START Task material
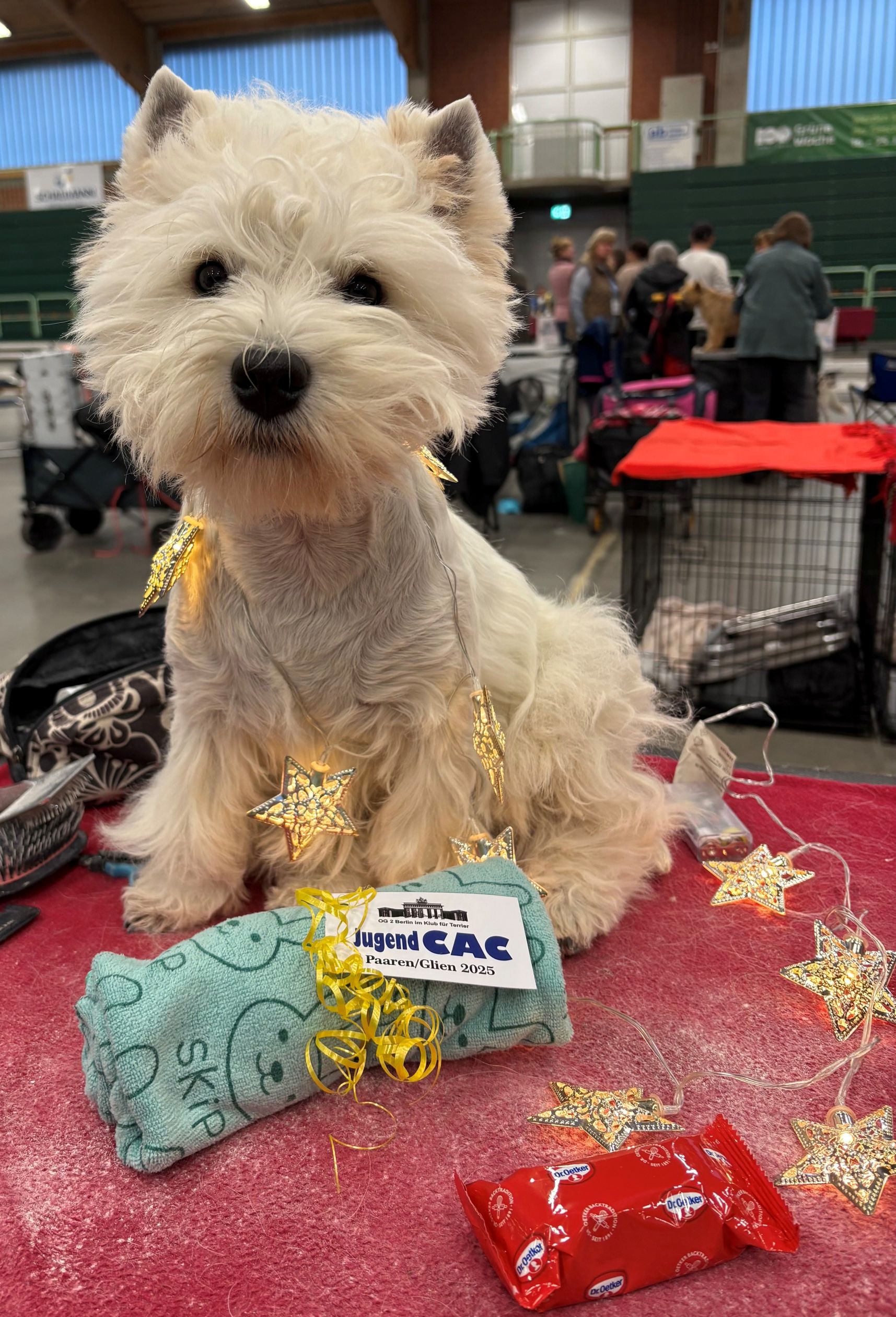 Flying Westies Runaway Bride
END Task material
START Task material
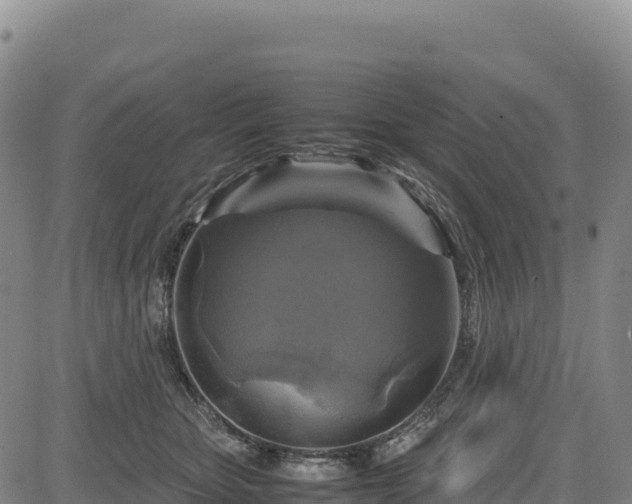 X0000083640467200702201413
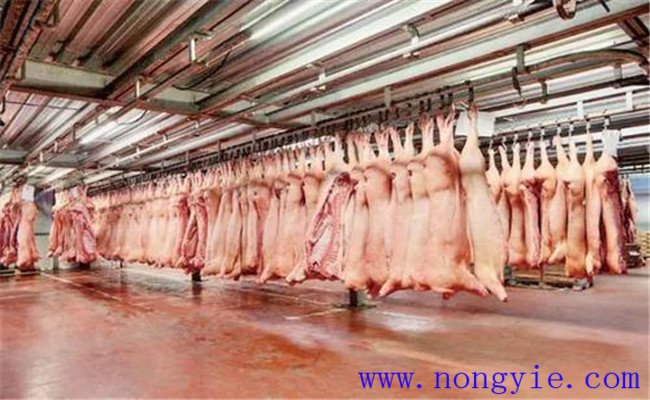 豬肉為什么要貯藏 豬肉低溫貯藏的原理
END Task material
START Task material
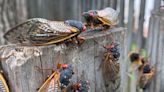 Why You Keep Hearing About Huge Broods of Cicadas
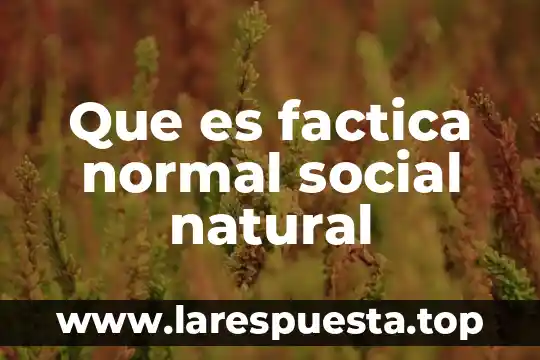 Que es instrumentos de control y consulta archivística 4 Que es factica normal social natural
END Task material
■ **Goal of the exercise**: Above this task is a listing with pictures in it. Retype only the lines from the one containing "X0000083640467200702201413" through the one containing "豬肉為什么要貯藏 豬肉低溫貯藏的原理", both included, and not the pictures.

■ **Exercise solution**:
 X0000083640467200702201413
 豬肉為什么要貯藏 豬肉低溫貯藏的原理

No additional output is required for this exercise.